The Fourteenth Sunday after Trinity
Pastor Gregory L. Jackson
Bethany Lutheran Worship, 8 AM Phoenix Time
The Hymn #250 – Grosser Gott
The Confession of Sins
The Introit p. 16
The Gloria Patri
The Kyrie p. 17
The Gloria in Excelsis
The Salutation and Collect p. 19
The Epistle and Gradual Galatians 5:16-24
The Gospel Luke 17:11-19
Glory be to Thee, O Lord!
Praise be to Thee, O Christ!
The Nicene Creed p. 22
The Sermon Hymn # 297 M. Loy, Herr Jesu Christ, dich
Nine-fold Fruits of the Gospel
The Hymn #304 Kingo – St.
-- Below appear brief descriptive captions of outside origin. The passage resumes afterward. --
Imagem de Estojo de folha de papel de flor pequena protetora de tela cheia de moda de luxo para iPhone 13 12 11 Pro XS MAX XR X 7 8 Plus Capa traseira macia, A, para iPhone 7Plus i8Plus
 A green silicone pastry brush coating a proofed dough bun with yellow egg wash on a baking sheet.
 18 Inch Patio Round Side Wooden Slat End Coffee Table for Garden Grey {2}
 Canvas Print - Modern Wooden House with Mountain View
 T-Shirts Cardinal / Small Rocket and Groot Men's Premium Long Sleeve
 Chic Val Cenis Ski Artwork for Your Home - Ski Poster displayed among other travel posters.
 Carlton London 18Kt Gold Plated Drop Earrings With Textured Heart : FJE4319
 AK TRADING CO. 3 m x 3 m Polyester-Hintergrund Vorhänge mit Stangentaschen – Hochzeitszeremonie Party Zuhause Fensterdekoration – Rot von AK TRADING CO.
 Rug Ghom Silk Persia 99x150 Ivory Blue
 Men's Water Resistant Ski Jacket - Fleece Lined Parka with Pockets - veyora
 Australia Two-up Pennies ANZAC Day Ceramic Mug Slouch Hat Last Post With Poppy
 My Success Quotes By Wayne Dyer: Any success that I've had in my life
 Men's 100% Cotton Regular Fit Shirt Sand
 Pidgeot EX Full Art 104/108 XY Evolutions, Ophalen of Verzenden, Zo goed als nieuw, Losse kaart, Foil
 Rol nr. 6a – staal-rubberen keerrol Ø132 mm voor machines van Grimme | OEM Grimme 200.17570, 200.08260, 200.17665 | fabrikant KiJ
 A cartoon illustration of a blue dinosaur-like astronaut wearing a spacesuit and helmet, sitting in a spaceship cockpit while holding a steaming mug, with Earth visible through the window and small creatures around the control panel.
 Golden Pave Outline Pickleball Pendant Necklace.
Crispin
The Preface p. 24
The Sanctus p. 26
The Lord's Prayer p. 27
The Words of Institution
The Agnus Dei p. 28
The Nunc Dimittis p. 29
The Benediction p. 31
The Hymn # 309 Kingo – Old Hundreth
The hymn texts and a melody link are at the end of the sermon.
Galatians 5: 16 This I say then, Walk in the Spirit, and ye shall not fulfill the lust of the flesh. 17 For the flesh lusteth against the Spirit, and the Spirit against the flesh: and these are contrary the one to the other: so that ye cannot do the things that ye would. 18 But if ye be led of the Spirit, ye are not under the law. 19 Now the works of the flesh are manifest, which are these; Adultery, fornication, uncleanness, lasciviousness, 20 Idolatry, witchcraft, hatred, variance, emulations, wrath, strife, seditions, heresies, 21 Envyings, murders, drunkenness, revellings, and such like: of the which I tell you before, as I have also told you in time past, that they which do such things shall not inherit the kingdom of God. 22 But the fruit of the Spirit is love, joy, peace, longsuffering, gentleness, goodness, faith, 23 Meekness, temperance: against such there is no law. 24 And they that are Christ's have crucified the flesh with the affections and lusts.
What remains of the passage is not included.